[[ Data supplied open ]]

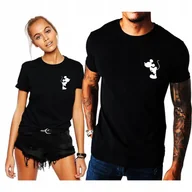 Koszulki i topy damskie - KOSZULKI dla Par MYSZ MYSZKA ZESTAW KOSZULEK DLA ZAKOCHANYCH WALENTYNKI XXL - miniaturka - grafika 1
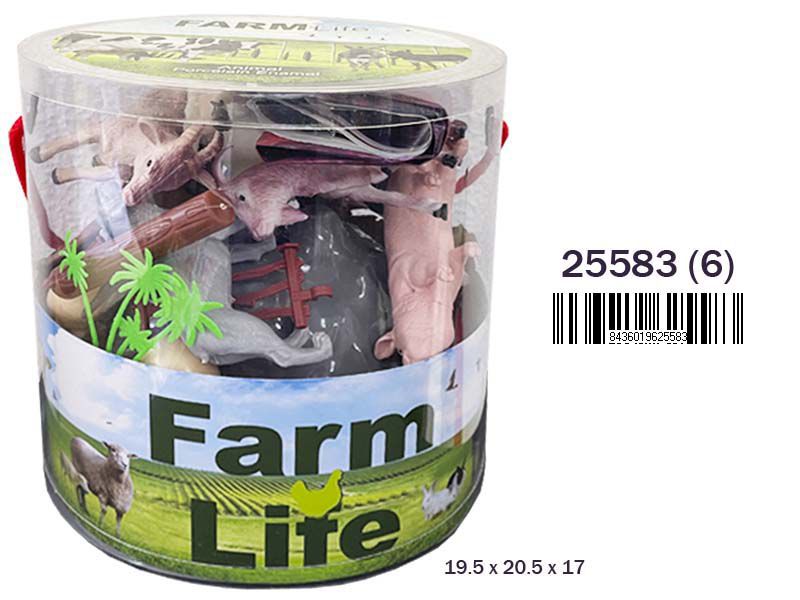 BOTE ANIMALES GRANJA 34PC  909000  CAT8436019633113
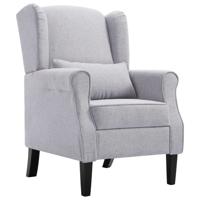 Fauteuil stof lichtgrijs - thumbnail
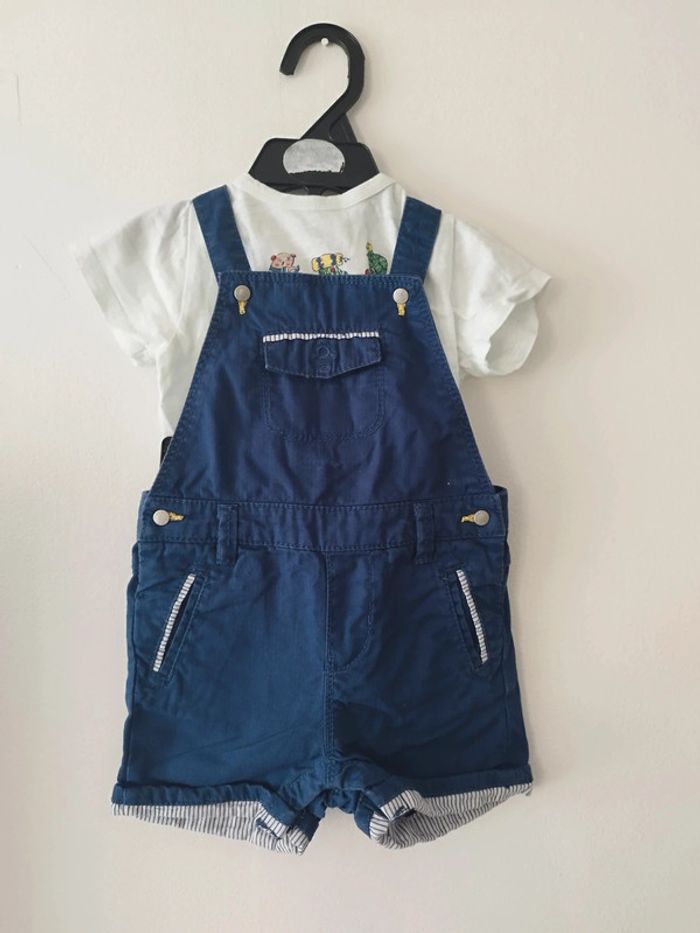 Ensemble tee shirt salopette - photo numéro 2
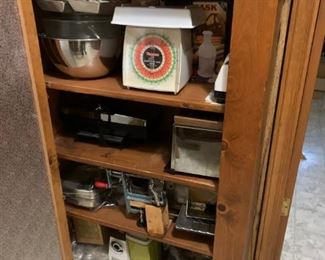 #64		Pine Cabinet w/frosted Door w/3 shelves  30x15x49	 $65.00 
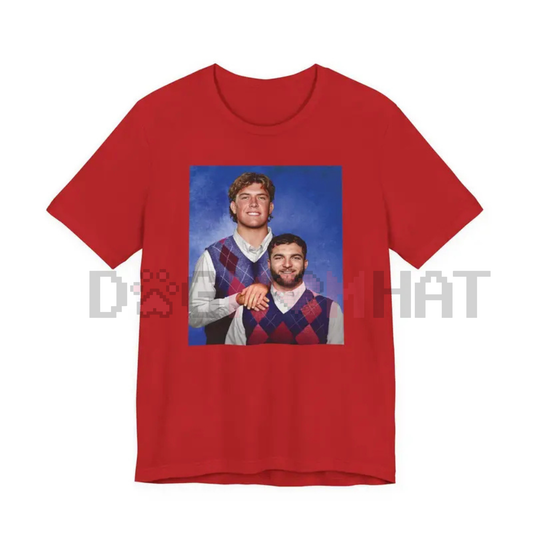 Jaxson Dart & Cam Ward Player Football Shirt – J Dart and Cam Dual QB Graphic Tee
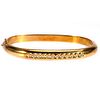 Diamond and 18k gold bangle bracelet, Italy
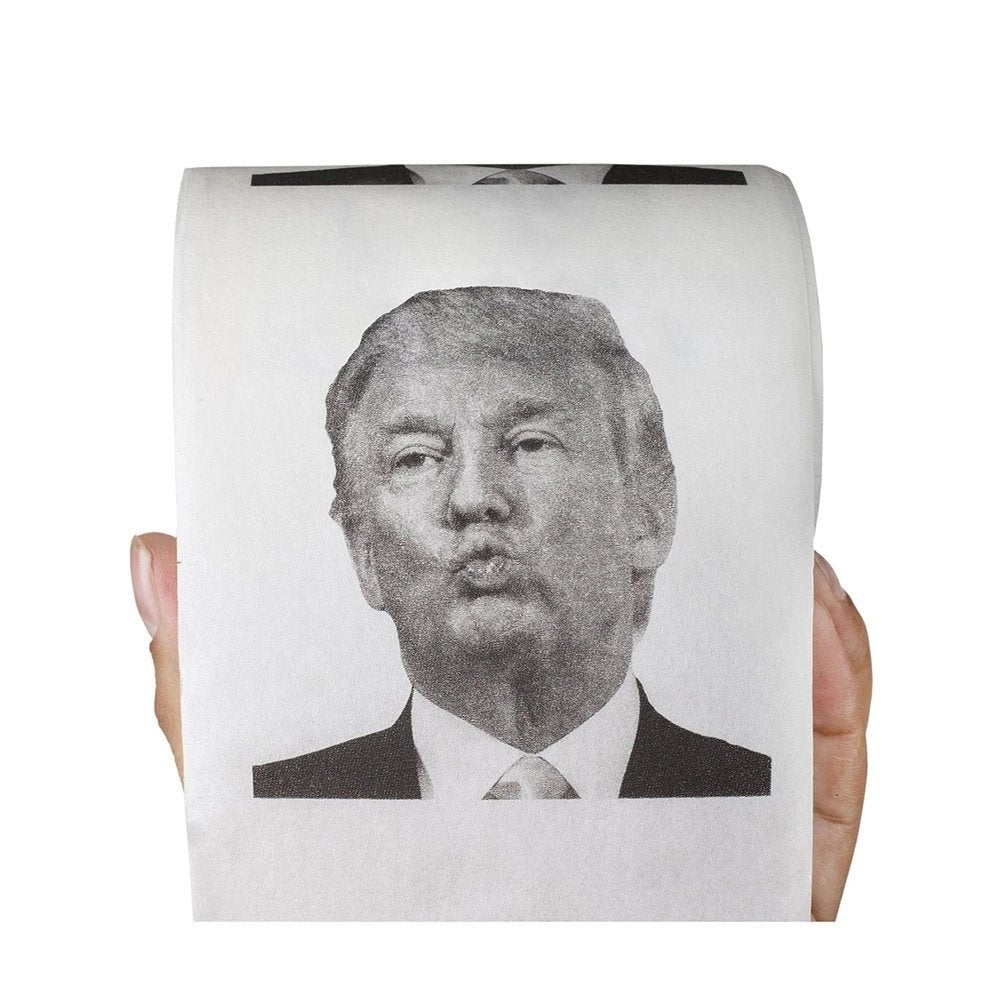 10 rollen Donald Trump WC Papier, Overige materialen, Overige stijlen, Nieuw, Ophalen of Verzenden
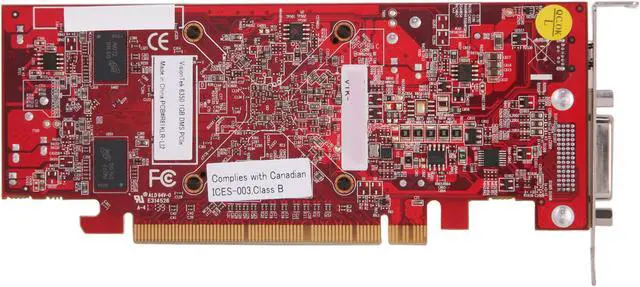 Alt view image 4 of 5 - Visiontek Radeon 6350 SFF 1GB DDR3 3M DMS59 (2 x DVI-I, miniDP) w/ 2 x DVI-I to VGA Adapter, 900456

[[ Data supplied closed ]]
[[ Data supplied open ]]

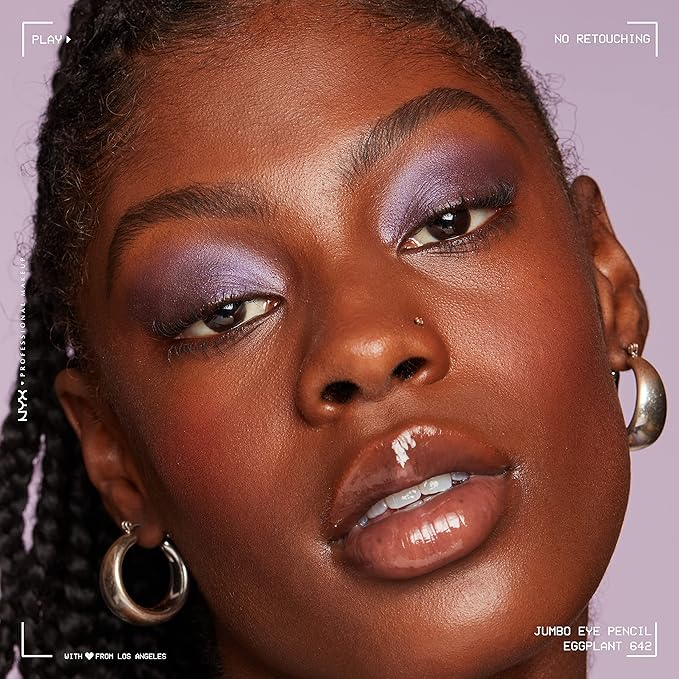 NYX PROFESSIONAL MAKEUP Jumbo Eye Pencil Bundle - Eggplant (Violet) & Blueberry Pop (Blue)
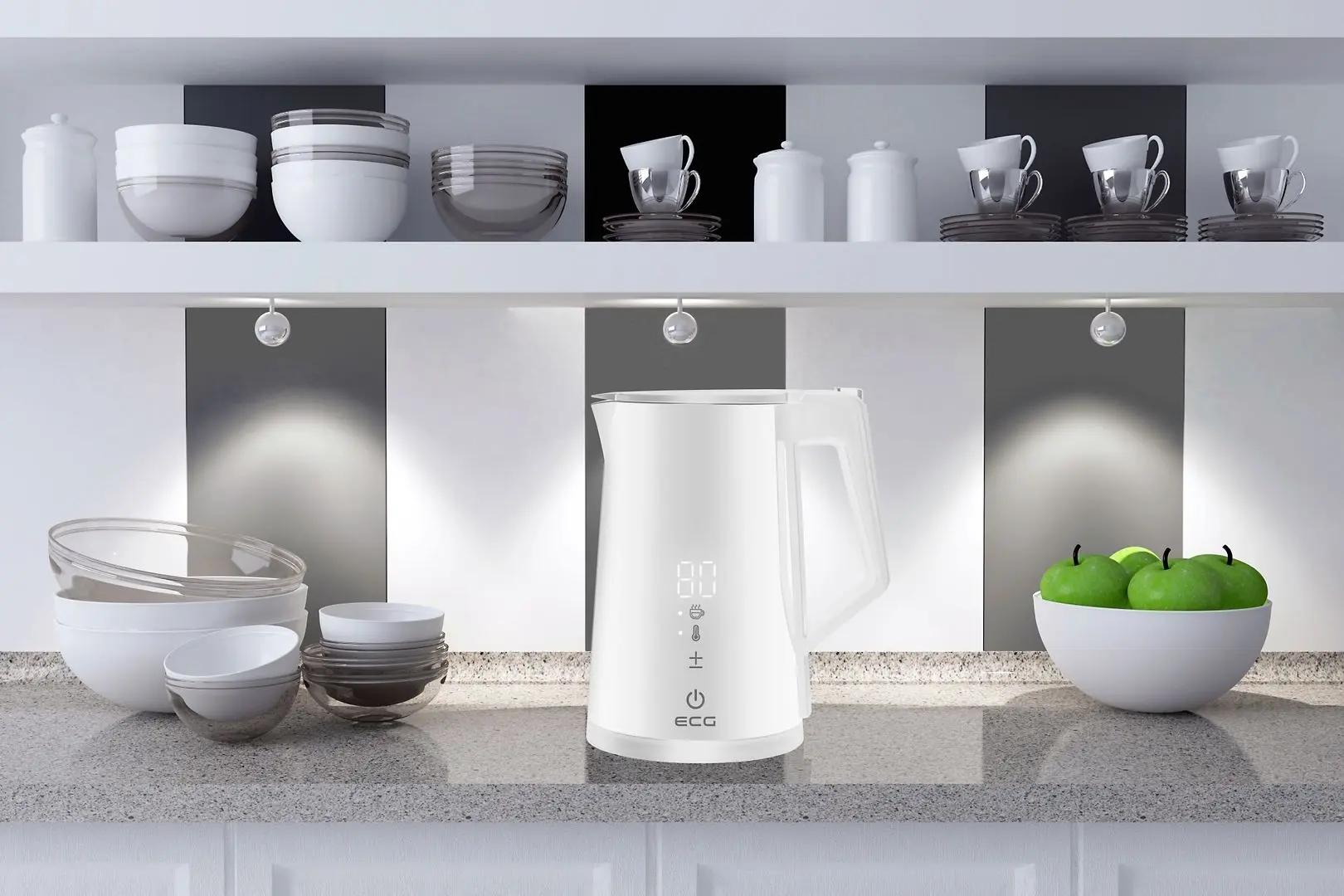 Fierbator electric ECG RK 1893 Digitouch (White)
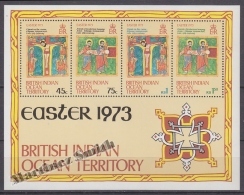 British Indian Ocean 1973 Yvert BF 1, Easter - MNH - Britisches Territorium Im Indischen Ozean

[[ Data supplied closed ]]

Reproduce, word for word, everything in the listing above from the line containing "Ensemble tee shirt" down to the line containing "Diamond and 18k gold bangle bracelet, Italy", both of them included. No pictures.

 Ensemble tee shirt salopette - photo numéro 2
 #64		Pine Cabinet w/frosted Door w/3 shelves  30x15x49	 $65.00 
 Jaxson Dart & Cam Ward Player Football Shirt – J Dart and Cam Dual QB Graphic Tee
 Diamond and 18k gold bangle bracelet, Italy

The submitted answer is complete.